Monday, February 14, 2005

What's the Question?

I have not bothered to read this book because ofthe reasons that follow in this review. The editor, James Pettifer, is pro-Greek, anti-Macedonian and anti-truth. He is part of the de-stabilization network in the Balkans.

Reality Macedonia : Review of the Book "The New Macedonian Question":

he following book review written by Professor Robert Hislope will be forthcoming in the Canadian-American Slavic Studies

Certainly no identity and ownership questions surrounding Macedonia are definitively answered in this text. Rather, Pettifer enables the airing of conflicting Macedonian, Bulgarian, Greek, and Albanian interpretations, and leaves the reader to arrive at his/her own conclusion. The editor appropriately frames this as a contribution to the debate and not its resolution, a point some critics appear to miss.

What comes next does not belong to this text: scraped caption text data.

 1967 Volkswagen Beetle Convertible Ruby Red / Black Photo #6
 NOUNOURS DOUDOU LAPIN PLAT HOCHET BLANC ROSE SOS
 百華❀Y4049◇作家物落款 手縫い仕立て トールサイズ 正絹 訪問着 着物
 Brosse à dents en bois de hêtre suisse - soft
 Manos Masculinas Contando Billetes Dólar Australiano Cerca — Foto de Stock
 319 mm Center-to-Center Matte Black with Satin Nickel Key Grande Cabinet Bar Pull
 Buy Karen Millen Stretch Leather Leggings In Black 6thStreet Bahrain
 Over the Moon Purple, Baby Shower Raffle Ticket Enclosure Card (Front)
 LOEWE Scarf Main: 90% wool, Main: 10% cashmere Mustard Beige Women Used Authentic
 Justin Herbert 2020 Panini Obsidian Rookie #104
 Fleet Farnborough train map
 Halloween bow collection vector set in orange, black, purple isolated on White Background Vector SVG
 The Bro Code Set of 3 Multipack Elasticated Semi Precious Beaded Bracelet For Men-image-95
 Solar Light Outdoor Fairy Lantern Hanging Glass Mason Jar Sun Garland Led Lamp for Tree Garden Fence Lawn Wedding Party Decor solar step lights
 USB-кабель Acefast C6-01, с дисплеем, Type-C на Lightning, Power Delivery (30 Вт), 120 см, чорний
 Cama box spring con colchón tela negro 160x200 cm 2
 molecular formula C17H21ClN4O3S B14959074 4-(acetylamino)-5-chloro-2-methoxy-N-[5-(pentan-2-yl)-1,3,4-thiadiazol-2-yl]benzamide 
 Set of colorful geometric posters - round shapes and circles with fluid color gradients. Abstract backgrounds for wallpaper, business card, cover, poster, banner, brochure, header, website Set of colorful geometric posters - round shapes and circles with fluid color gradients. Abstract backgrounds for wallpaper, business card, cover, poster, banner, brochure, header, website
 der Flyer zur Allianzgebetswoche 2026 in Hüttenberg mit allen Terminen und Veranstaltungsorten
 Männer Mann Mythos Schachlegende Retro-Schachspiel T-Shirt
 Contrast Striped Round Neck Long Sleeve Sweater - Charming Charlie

That having been said, it is disconcerting to read Pettifer’s own terminological choices in the identification of the new state and its titular people. In his preface, introduction, and two chapters, Pettifer insists on calling the state of Macedonia by its internationally recognized name, the Former Yugoslav Republic of Macedonia, or FYROM. This is a compromised name, brokered by the international community in an attempt to placate Greek claims and fears (see Drezov, ch.4 and Kofos, ch.15). Albanians in Macedonia have often exploited this formulation in an attempt to undercut the legitimacy of the state. In addition, Pettifer refuses to accept the self-identification of Macedonians, using either inverted commas to de-legitimize the term or employing the derisive phrase “Slav-speakers” to designate ethnic Macedonians. Again, this only makes sense from a Greek or Albanian point of view. It is an exercise in bad faith to declare neutrality (as he does in the introduction) and then actually take sides in a Balkan cultural war. It also borders on arrogance and racism to reject the self-designation of a group. What would we think, for example, if Pettifer examined race relations in the USA, but insisted on calling African-Americans “negroes”? While this volume does demonstrate the historical contestability of Macedonian identity, this point can be made without insulting the very people one is studying. As Dimitar Mircev points out in his chapter, a “common denominator” in so many efforts to derail Macedonian statehood is “to deny and repudiate Macedonian ethnicity” (p.209). Pettifer’s book, therefore, has the distinction of both offering an accessible insight into Macedonia’s tortured past and present, and providing scholarly encouragement to the very political forces that would like to keep the Macedonian Question an open one for the future.